Whether you were for or against it, DC’s “The New 52” provided an undeniable jolt to a slouching comic industry. Completely rebooting its universe (except for in the areas it didn’t *cough*Green Lantern*cough*), DC Comics provided a much-needed entrypoint for new readers. Short-term, the publisher reaped the benefits with boosted sales. And while I have nothing but anecdotal evidence to support this claim, it at least managed to get new readers into comic shops, where they might have picked up comics from Marvel, Image, Dark Horse, BOOM! Studios, IDW Publishing, and so on.
But while the initiative is fun to use as a punching bag in today’s discourse, there were a number of titles that were critical darlings. Yes, there are the obvious ones like Snyder and Capullo’s Batman or Azzarello and Chiang’s Wonder Woman, but then there are the forgotten runs and miniseries that weren’t big sellers, but allowed creators to flex their muscles. Arguably the difference between DC and its main competitor is a willingness to let creators create. These are the ten best of the New 52 era that exemplify this.
10. Penguin: Pain and Prejudice
Penguin: Pain and Prejudice is arguably the best Penguin story ever written, and no one ever talks about it. Okay, so technically this is not a New 52 title. When it was released, it didn’t have the branding that adorned every other DC title, so it probably shouldn’t be included on this list. However, the first issue was released in October 2011, two months after the New 52 launched. And since there’s nothing about it that contradicts the New 52 continuity, I’m counting it.
A grounded and serious take on Oswald Cobblepot, writer Gregg Hurwitz gave the pot-bellied baddie a much needed origin update. We see his childhood and rise to power, but more importantly Hurwitz and artist Szymon Kudranski showcase the character’s underrated intelligence.
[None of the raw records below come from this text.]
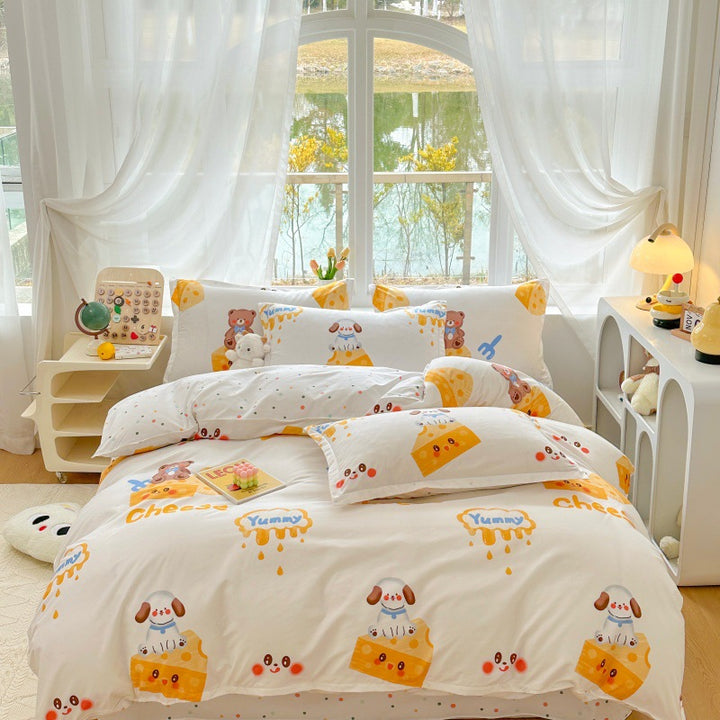 Playful Cartoon Bear Bedding Set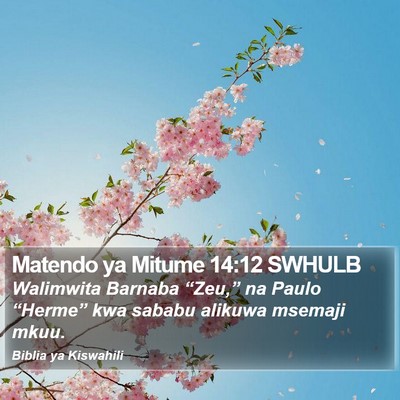 Matendo ya Mitume 14:12 SWHULB Bible Verse Image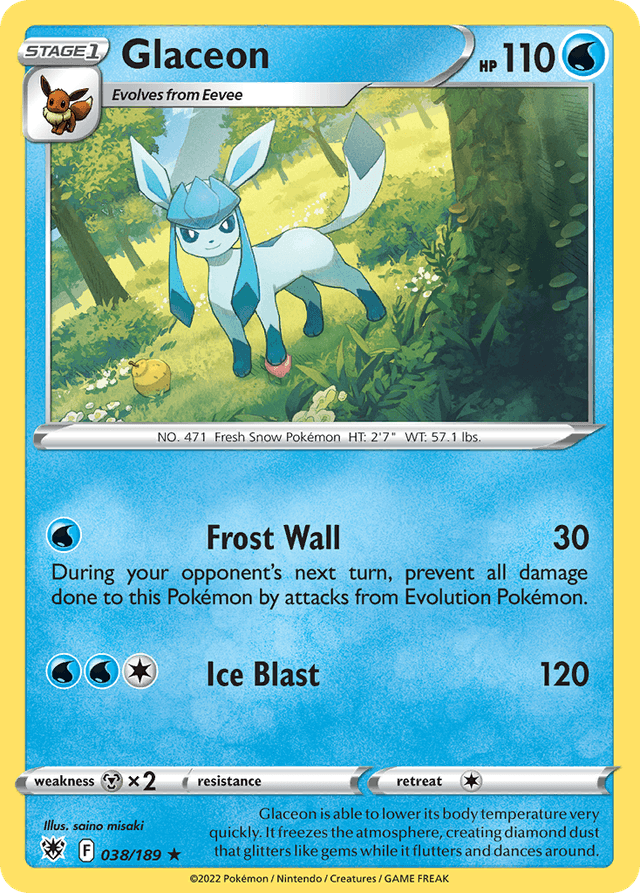 Carta Glaceon 38/189 do set Astral Radiance — Pokémon TCG | Bynx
While Penguin has always employed an arsenal with branding that would rival Batman’s, the creative team reminds readers of the obvious – that Penguin has a great engineering mind. Though one of Batman’s least physically imposing foes, Pain and Prejudice does a great job in reestablishing him as a legitimate threat.
9. The Movement
One of two titles that explored heroes at opposite ends of the wealth spectrum, The Movement and its sister title – The Green Team: Teen Trillionaires – were marketed as an industry statement on the Occupy Movement. Thanks to that branding misfire, both titles struggled to find their footing, resulting in the cancellation of both within a year. But while The Green Team could not overcome its insufferable premise and woefully mediocre storytelling, The Movement became one of the New 52 genuine artistic successes.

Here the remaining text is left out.